§ Your objective:
When you transcribe the data below, reproduce every line exactly and leave each picture out.

§ Supplied material:
-*-*-
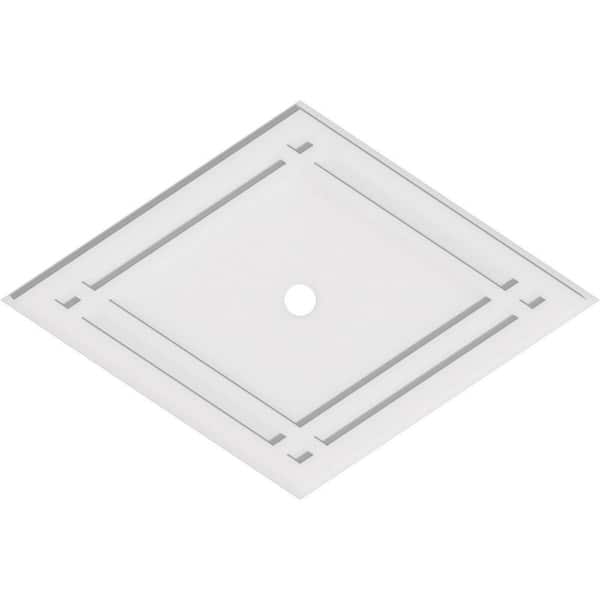 Ekena Millwork 38 in. W x 25-3/8 in. H x 2 in. ID x 1 in. P Diamond Architectural Grade PVC Contemporary Ceiling Medallion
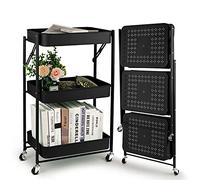 Todeco Desserte à roulettes Pliable Chariot de Cuisine Pliante, Noir | Chariot Mobile à 3 Niveaux, Pas d'assemblage, 46 x 29 x 78 cm, pour Cuisine, Bureau, Salle de Bain, Vestiaire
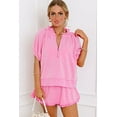 thumbnail image 3 of Chic Women's Pink Half Zip Puff Sleeve Top with Ruffled Shorts Set | [ZhiHiMeRi] | (US 12-14)L, 3 of 12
-*-*-
§ Output of the task:
 Ekena Millwork 38 in. W x 25-3/8 in. H x 2 in. ID x 1 in. P Diamond Architectural Grade PVC Contemporary Ceiling Medallion
 Todeco Desserte à roulettes Pliable Chariot de Cuisine Pliante, Noir | Chariot Mobile à 3 Niveaux, Pas d'assemblage, 46 x 29 x 78 cm, pour Cuisine, Bureau, Salle de Bain, Vestiaire
 thumbnail image 3 of Chic Women's Pink Half Zip Puff Sleeve Top with Ruffled Shorts Set | [ZhiHiMeRi] | (US 12-14)L, 3 of 12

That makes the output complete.